There are two major things that – in some strange, unlikely way – paved Tom Grennan’s way into music: the first was an impromptu performance at a teenage house party, the second a traumatic incident that left him hospitalised for days.
Born and raised in Bedford, the 21-year-old’s childhood was a fairly typical one. He played football, went to school, got a moped at 16 and “was cruising with that for a bit.” Aside from an MP3 player his mate’s brother loaded up with grime, music was never a big part of his life growing up. Until, that is, he had a little too much to drink at a party, and demanded that everyone listen to him sing. “I was just going around like, ‘Oi, listen to me…’ just being an annoying guy,” he says now - but his performance, bolstered though it may have been by a generous dose of Dutch-courage, was clearly impressive. His friends, unaware before that night that he could even hold a tune, roped him into joining their A Level band, where he discovered an untapped knack for performing.
Without that, he says, there’s no way he would have ended up performing. But it was something altogether more traumatic that prompted Grennan to turn to songwriting. At the age of 18, a group of strangers attacked him on the street. He’s inclined to play the incident off casually – “just wrong place wrong time I think” – but it left its mark, and not just from the metal plates and screws he’ll have in his jaw for the rest of his life. “When that happened,” he recalls, “I was in a mad dark place. It hurt me mentally. I had this build-up of emotions.”

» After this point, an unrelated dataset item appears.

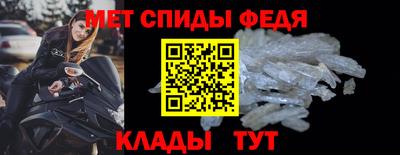 прущий лед Сланцы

So, without much intention of ever showing anyone, he started writing about it. Influenced by the likes of Ray Charles, Kendrick Lamar and Amy Winehouse, he poured his trauma, his pent-up pain and frustration, into songs, “and then I just found I could escape from it. I just loved doing it, it felt like a weight had been lifted off my shoulders. Now, anytime I feel anything, I write about it.”
Something In The Water, the title track from his debut EP, showcased Grennan’s gritty, soulful vocals. After a scat-like, staccato verse, it gradually builds up to something rapturous: “I can see the light now, as I'm stepping out the door / Well there's something in the water, calling my name.” The song, he says, “was like coming out of the dark. I felt sorry for myself for a minute, but I’ve got to just pick myself up.”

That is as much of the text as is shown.